Génesis de una embajadora

SI USTED, querido lector (sí, usted, no se haga el disimulado y no vale la pena que se esconda puesto que yo sé
que existe), se estaba haciendo las ilusiones de que iba a ponerme a hablar, en este espacio que EXCELSIOR pone
semanalmente a mi disposición, del Sol y de la Luna y de los abstractos problemas del desarrollo del silogismo o
de cualquier otro asunto que no sea el que me trae alborotada, está usted en un error. Y no me culpe de ello. Porque
ha tenido el tiempo suficiente como para saber que mi columna es el espejito, espejito al que cada sábado le
pregunto quién es la mujer más maravillosa del planeta y, como en el cuento de hadas, siempre me contesta que
Blanca Nieves.

Pero no importa. Yo insisto. Quien quita y un día de puro distraído me dice que yo, que, como usted está enterado
ya por todos los medios masivos de comunicación, acabo de ser dada a luz por enésima vez.

Porque esto del nacimiento es un acto tan trascendental y tan importante pero que requiere tanto esfuerzo, tanto
trabajo y tantas incomodidades, que la mayor parte de la gente se conforman con hacerlo una vez en la vida. Yo,
como la otra menor parte, soy de las que encontraron que el acontecimiento era tan maravilloso que valía la pena
que se repitiera. Aparte de que la repetición podía traer la remota esperanza del perfeccionamiento.

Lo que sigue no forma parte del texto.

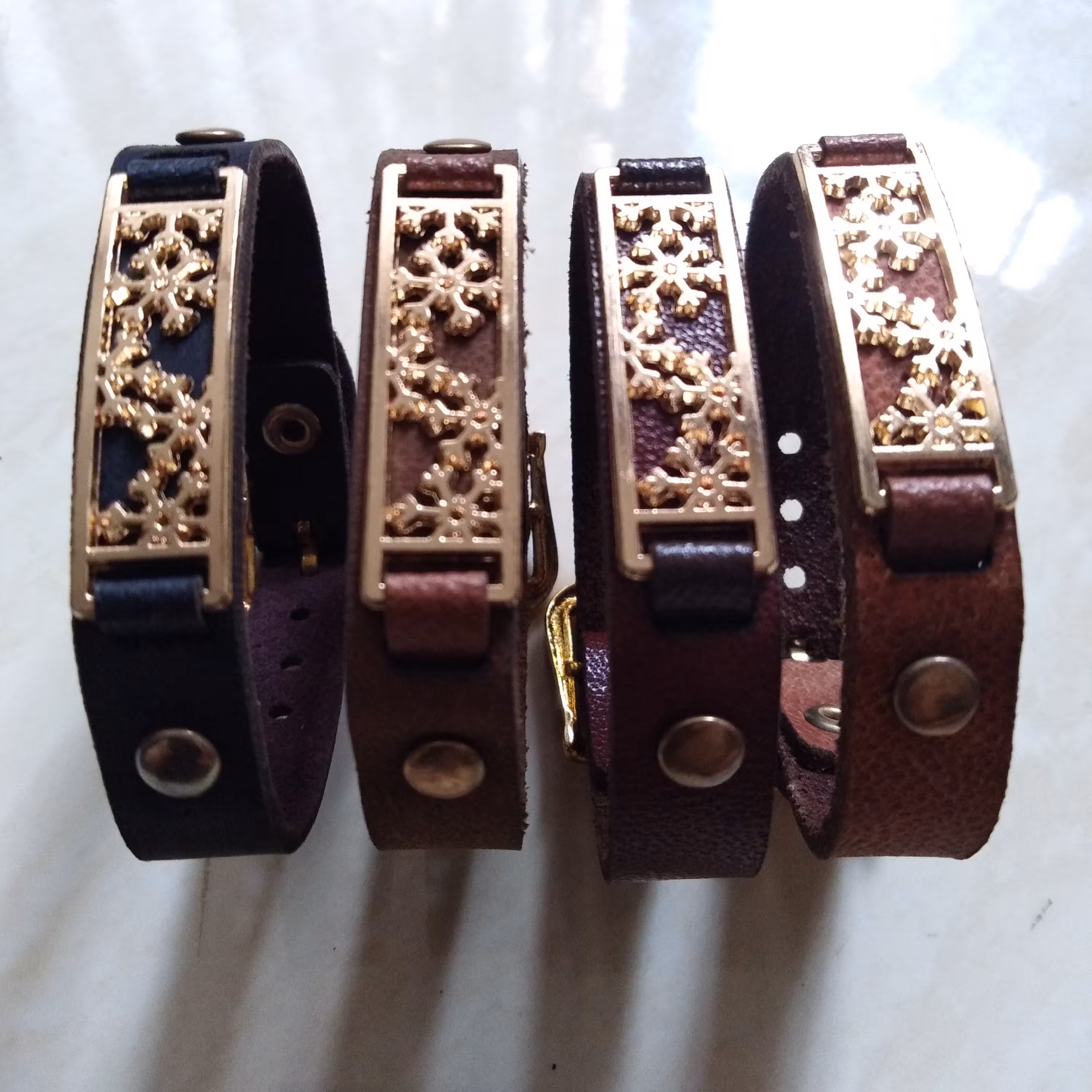 دستبند چرم طبیعی با نماد برف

Pues en mi caso particular mi primera aparición en el mundo fue más bien decepcionante para los espectadores, lo
cual, como era de esperarse, me produjo una frustración. Por lo pronto yo no era un niño (que es lo que llena de
regocijo a las familias), sino una niña. Roja y berreante en los días iniciales, pataleadora y sonriente en los que
siguieron, no alcanzaba yo a justificar mi existencia ya no digamos con alguna virtud como la belleza o la gracia,
pero ni siquiera con el parecido a algún antepasado de esos que, como dejan herencia, son siempre recordados entre
suspiros.

Por mi parte, nada. Y en cuanto empecé a hablar ¿qué dije? Las tonterías de costumbre y ni siquiera lo
suficientemente mal pronunciadas como para hacer reír a los que tenían la obligación de cuidarme y de vigilar mi
crecimiento.

Con el que yo me negaba colaborar rechazando la comida, los ejercicios que fortifican el cuerpo, la inhalación del
aire puro y el entrenamiento en los juegos propios de la infancia.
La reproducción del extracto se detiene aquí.